Who the fuck is this person? you think with disgust as you read my apathetic reaction to Steely Dan’s performance at Ruth Eckerd Hall. You find yourself compelled to school me on my apparent lack of knowledge, compose an angry response listing all the reasons I am wrong, berate my abilities as a journalist and my failure as a music critic overall. WHAT THE FUCK DO YOU KNOW AND WHY THE FUCK SHOULD I CARE? you conclude in all caps so I can’t ignore your ire. I can almost hear your self-righteous click of “Submit Comment” button.

You have a valid point. Who the fuck am I and why does my opinion matter so much more than those other idiots who came before me who you also thought were chattering out of their asses?

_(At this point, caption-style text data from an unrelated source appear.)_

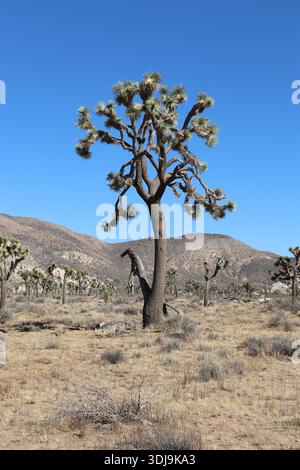 Magnifique arbre de Joshua dans le parc national de Joshua Tree, Califronia, États-Unis d'Amérique Banque D'Images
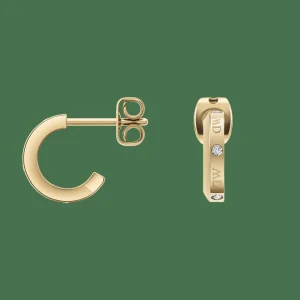 Daniel Wellington Classic Lumine> Orecchini
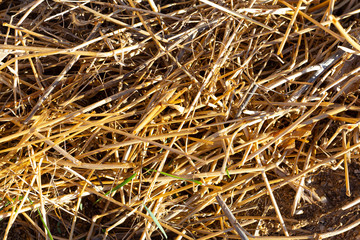 bunch of dry yellow straw for animal feed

I am a near-native who’s covered all aspects of Bay area culture for Creative Loafing for nearly six years. While I never aspired to be the paper’s music editor, my love of music eventually and naturally led me to write about it, to attempt to put those intangible moments of joy and sorrow to paper and describe the seemingly indescribable, to relay a sound or a feeling or a mood or a texture with words, to try and offer an objective look at something inherently subjective, something based on experiences and background and taste and even my mood at any given time. I’ve been writing and listening to music for a long time. I don’t pretend to know everything but I approach all music with an open mind and a willingness to build upon what I already know.

But convincing you I’m not a musical moron isn’t the point of this introduction. My real intention is to share a little about who I am and where I’m coming from, both as a person and a writer, and to try and put you at ease.

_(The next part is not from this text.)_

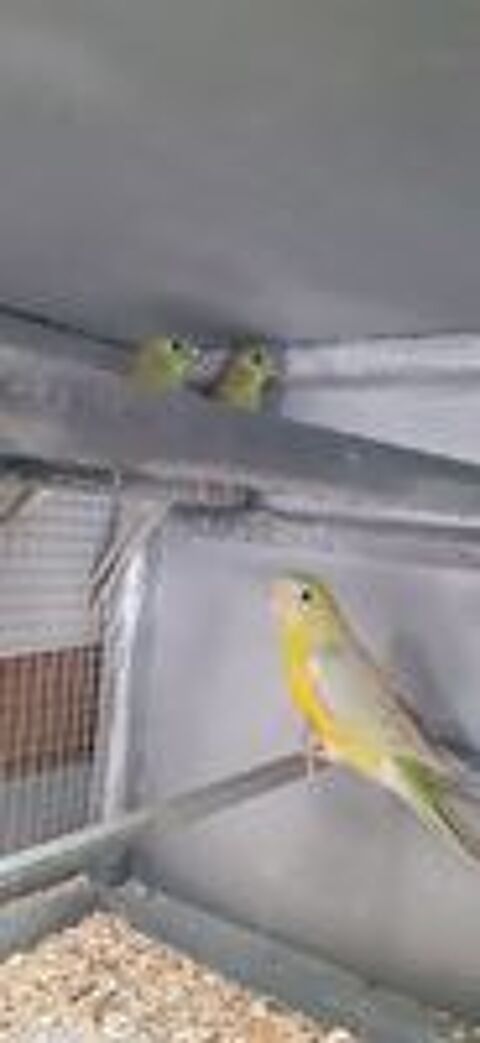   OISEAUX DE CAGES ET DE VOLIÈRES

I am the sum of my musical experiences, a vast array of moments that imprinted themselves on me beginning when I was too young to realize that tinkering with mom and dad’s record player could lead to a future career. I spent much time mining my mom’s treasure trove of early Beatles albums, then moved on to the ’80s pop music she added to her collection as fast as MTV could endorse it — Lionel Richie, Madonna, Michael Jackson, George Michael, Bruce Springsteen, Whitney Houston, Hall & Oates. Admittedly, the first thing that deeply moved me as a child was 1986’s An American Tail, and I became keenly attuned to the soundtrack’s ups and downs and hooked on the emotional responses each song elicited.

My neighbor’s unruly teenaged daughter turned me on to Guns ‘n Roses and even though I wasn’t old enough or male enough to appreciate the aggression, I was intrigued by Axl Rose’s energy and as I got older, by his sheer magnetism.

Numerous musical phases followed and correlated with whatever I was experiencing in my life at the time. A period in foster care led to a quick education in rap and hip-hop, the accepted genre in a household where admitting to liking rock ’n’ roll got you good and beat up until you audibly changed your mind. Junior high growing pains and awkwardness in my skin led me to grunge rock and the odd discoveries — Portishead, Mazzy Star, The Cure, Tori Amos. High school brought first love, my family’s refusal to accept my badboy boyfriend, the resulting anti-authoritarian angst, and a preference for industrial fare, heavy alterna rage, and rawk music for moshing and thrashing and screaming your face off. In college, I shed the boyfriend — who’d always had completely disparate taste from my own — and re-discovered the music I’d abandoned for him: Led Zeppelin and Bob Marley and Pink Floyd, a band that spoke to me on so many different levels and at several different points in my life, and the psychedelic Beatles, as I was finally able to appreciate what they were doing and how their influence changed and molded nearly everything that came later.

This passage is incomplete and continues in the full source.